Intervention de J. Kossowski à la réunion publique UMP du 08 juin 2011

Monsieur le Ministre d’Etat,

Messieurs les Elus,

Mesdames, Messieurs,

Chers amis,

J’ai souhaité que nous réfléchissions ensemble sur le thème « Comment concilier le développement économique et la politique sociale ? ».

Dans une économie de marché, le rôle de l’entreprise  est déterminant car c’est cette dernière qui, par son innovation, par les services qu’elle offre, crée de la richesse indispensable au développement de la sphère sociale. Cette richesse nous la devons aux entrepreneurs qui, par leur dynamisme, développent l’emploi et innovent en inventant de nouveaux produits ou de nouveaux services. C’est en particulier grâce à la volonté d’entreprendre des patrons de PME-PMI que nous pouvons financer notre système social.

Quant à la puissance publique, elle se doit de favoriser au mieux les conditions de développement de l’entreprise. Ce cadre propice se définit par la fiscalité, le droit social ou encore l’investissement notamment dans les infrastructures collectives.

Lorsque la richesse est créée, se pose la question essentielle de sa répartition.

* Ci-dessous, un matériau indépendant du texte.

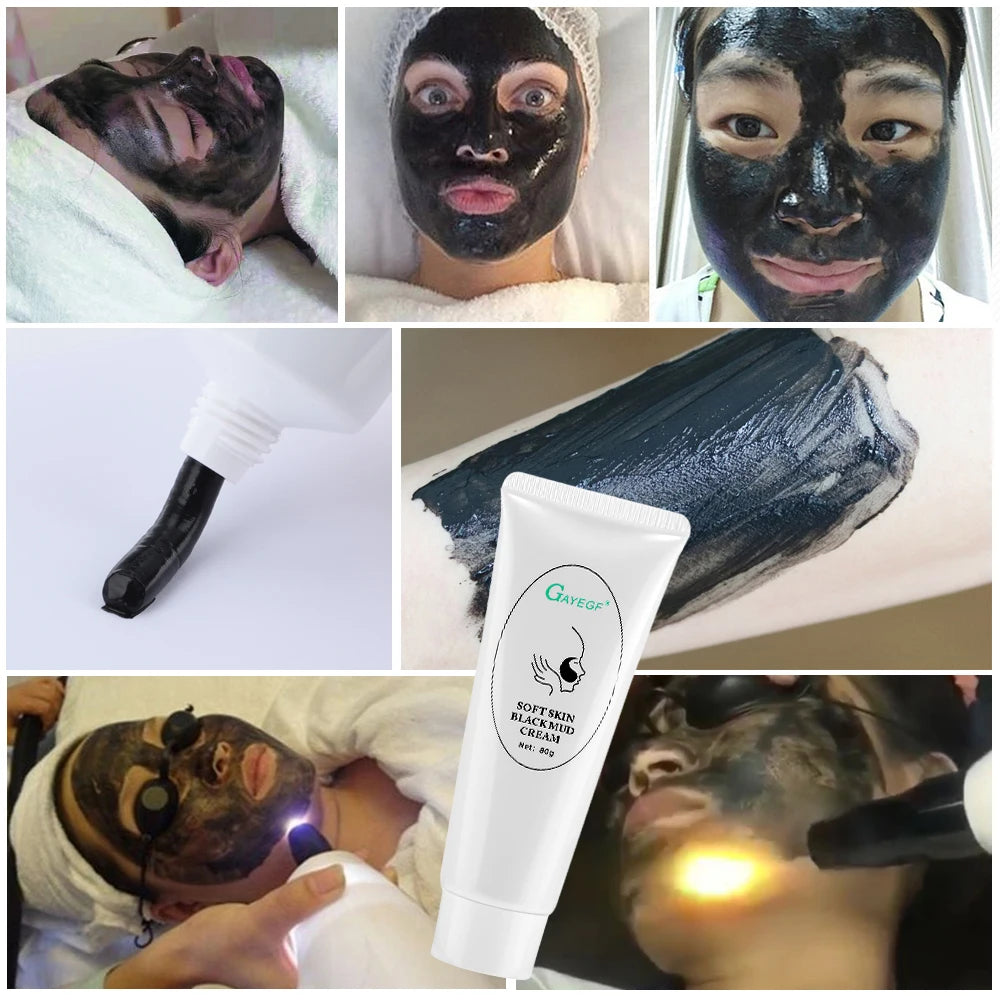 Carbon Laser Gel for Facial Deep Pore Cleansing and Skin Rejuvenation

La Valeur ajoutée est donc répartie sur quatre postes : Le travail, c’est-à-dire les salaires; le capital représenté par les actionnaires ; l’investissement et la recherche pour l’innovation ; Quant au paiement de l’impôt, il servira à la redistribution sous forme d’aides.

Concernant le travail, alors que nous vivons dans un monde globalisé et concurrentiel, avec des risques de délocalisation, je crois qu’une trop forte augmentation des salaires aurait des conséquences négatives pour les entreprises. Le levier d’action sur ce poste est, me semble-t-il, assez limité. Bien qu’à terme, je suis  persuadé que cette distorsion salariale diminuera car les pays émergents se verront obligés de mieux payer leurs employés. Ces derniers se montreront de plus en plus exigeants quant à leur niveau de vie. Mais ce processus prendra sans doute des dizaines d’années.

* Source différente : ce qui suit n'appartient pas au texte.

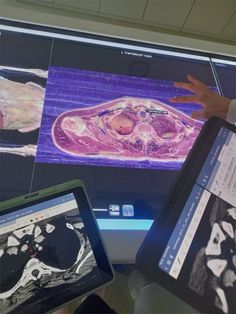 two people looking at an x - ray image on a computer screen with their hands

Pour le capital, si la valeur ajoutée doit servir principalement à l’accumulation et à la spéculation financières, ce n’est pas acceptable. Le système que nous devons défendre ne place pas l’argent et le capital comme une fin en soi mais un moyen au service de l’Homme, acteur de la satisfaction de ses besoins individuels et collectifs.

Comme pour les actionnaires, il est important d’associer le salarié aux résultats de l’entreprise. Ce gain social est source d’implication et de motivation. Cela passe par le développement de la participation, de l’intéressement des salariés au capital de l’entreprise. Cette philosophie s’inscrit dans le sillon gaulliste ou encore Démocrate-Chrétien qui est le vôtre Monsieur le Ministre. C’est à l’Etat d’orienter, grâce à la fiscalité, cette part de la richesse produite vers les employés. Nos compatriotes ont le désir d’équité. Lorsque les profits sont là, ils veulent aussi pouvoir en bénéficier.  

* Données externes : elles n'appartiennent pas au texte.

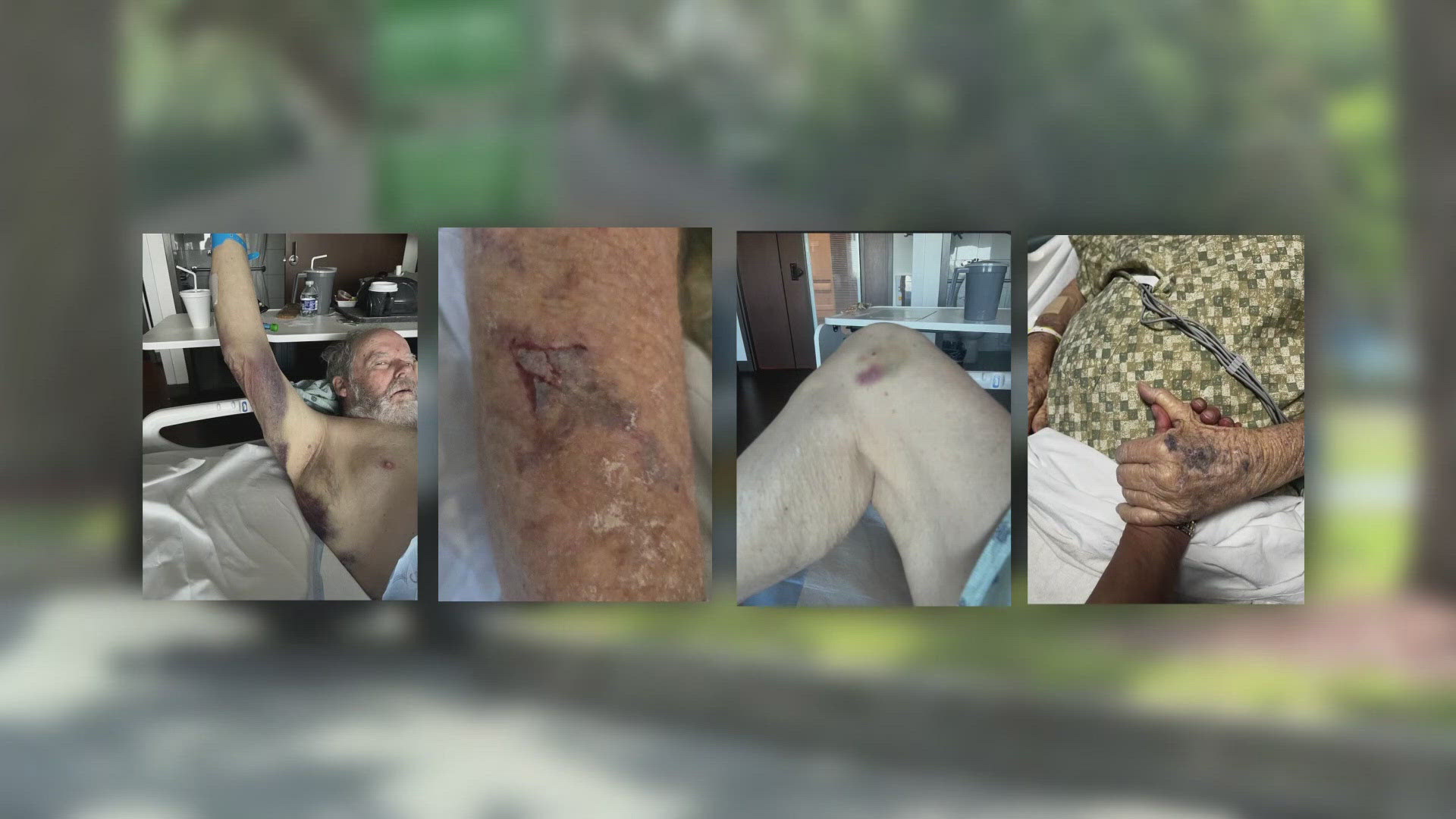 Anthony Diaz is being charged for attacking Julian Cohen at Orange Park Hospital. Cohen's family says they were informed late about the incident & demand answers.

En ce qui concerne l’innovation et la recherche, ce sont des secteurs clés pour nombre d’entreprises. La créativité conditionne la survie de leurs activités. Une part de la valeur ajoutée doit y être consacrée.

Dernier élément de la répartition de la richesse, c’est le prélèvement de l’impôt qui sert ensuite à la redistribution.

En effet, l’Etat et les collectivités locales, notamment par le biais des prélèvements fiscaux, financent la politique sociale.

Nous sommes attachés à la solidarité nationale car, comme nous l’avons vu lors de la grave crise économique que nous venons de subir, cette politique a constitué un amortisseur pour bon nombre de nos compatriotes se retrouvant au chômage.

Mais notre système social pour être pérennisé doit être géré avec rigueur. Ce que ne font pas les socialistes qui, lorsqu’ils gouvernent, ne prévoient jamais la montée en charge pour les comptes publics de l’application de leurs mesures : les trente-cinq heures, le RMI ou encore l’Allocation pour l’Autonomie (APA).

Soyons conscients que la politique sociale trouve principalement sa source dans la richesse produite par le dynamisme du secteur privé. A la puissance publique incombe ensuite la responsabilité de redistribuer efficacement et équitablement cette richesse pour aider celles et ceux qui  connaissent un accident de parcours dans leur vie.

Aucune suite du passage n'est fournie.